Berbeda dengan salmon sushi, chako salmon punya tampilan yang keemasan. Chako salmon sushi ini disajikan dengan salmon yang digrill. Di bagian atasnya ditambahkan dengan olesan saus panggang yang nikmat dan sedikit lengket. Ada rasa gurih dan manis yang tercecap saat menyantapnya.
Menu Kikugawa lain yang patut dicoba adalah agedashi tofu dan soba tempura. Agedashi tofu disajikan dengan tampilan yang sederhana. Hanya tiga buah tahu berukuran besar yang sudah digoreng dengan lapisan tepung renyah.
Tahu yang digunakan di tempat ini adalah jenis tahu putih yang padat. Setelah digoreng, tahu ini disajikan bersama dengan siraman dashi yang gurih. Sekalipun gurih, rasa kuah dashinya masih tetap terasa ringan.
Rasa dashi ringan dan gurih juga terasa nikmat dalam soba tempura.
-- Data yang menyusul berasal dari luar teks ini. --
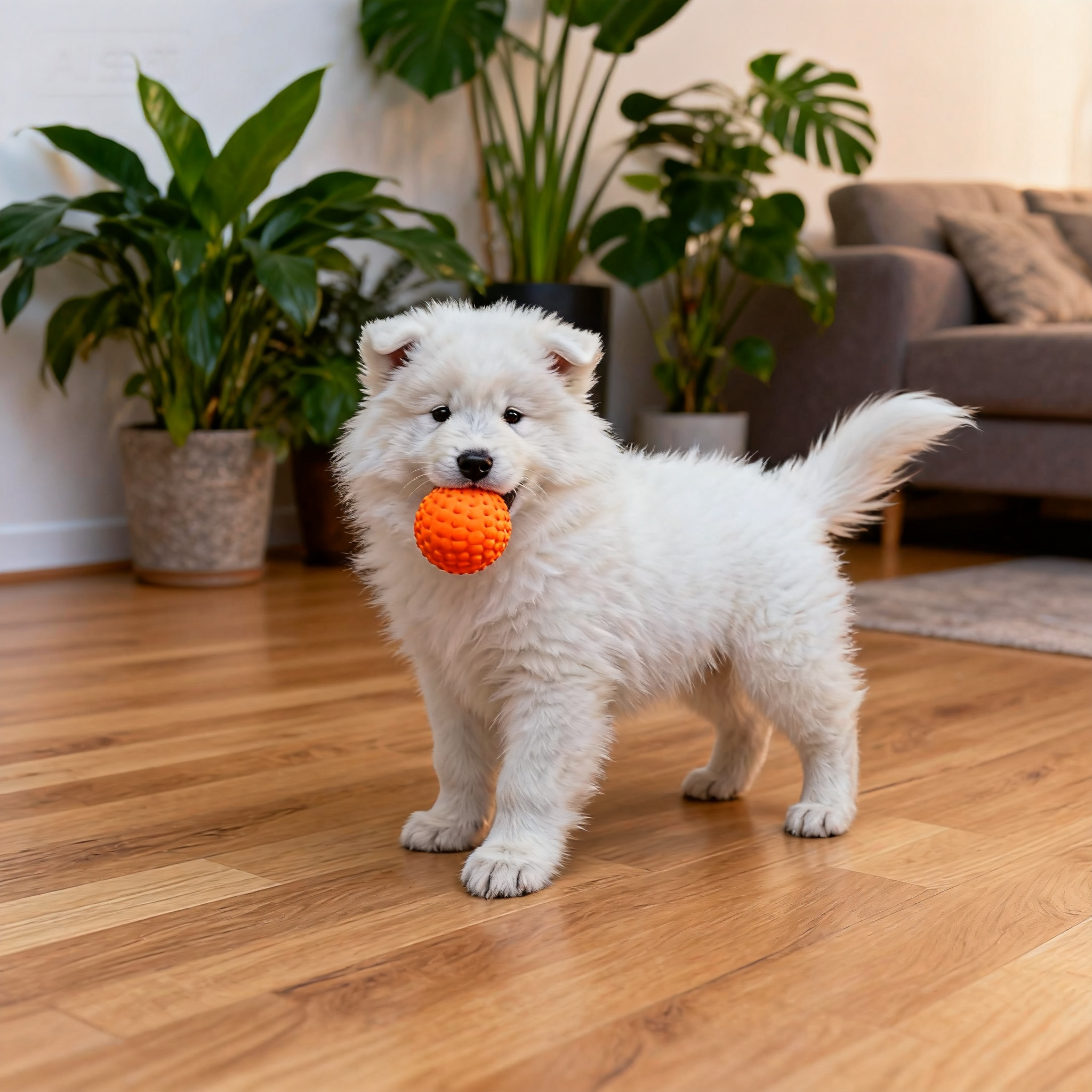 萨摩耶幼犬圆脸好养狗聪明大骨架便宜可爱纯白粘人型白色活物家养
Kenyalnya mi soba yang berwarna kecokelatan ini menyatu sempurna dengan kuah dashi yang gurih dan manis. Kuahnya berwarna cokelat jernih tanpa adanya sisa endapan.
Kuah gurih dan mi soba yang kenyal diperkaya dengan renyahnya tempura sayur yang disajikan. Ada beberapa sayur yang disajikan dalam seporsi tempura, yaitu wortel, buncis, terung, ubi, dan udang.
Jika tak ingin memadukannya dengan tempura, Anda bisa memadukannya dengan tamago atau omelet khas Jepang. Gulungan telur ayam yang tebal dan berwarna kuning cerah menghadirkan sensasi rasa yang tak terlupakan.
Tak ada bumbu yang terasa mendominasi dan terlalu kuat. Sebaliknya, Kikugawa justru benar-benar menampilkan rasa umami khas Jepang.
Namun untuk mendapatkan rasa yang sempurna, semua sajiannya harus disantap segera setelah terhidang di meja. Pasalnya pendingin ruangan yang terpasang, cukup dingin. Hal ini akan membuat makanan pesanan mendingin dengan cepat dan mengurangi kenikmatannya.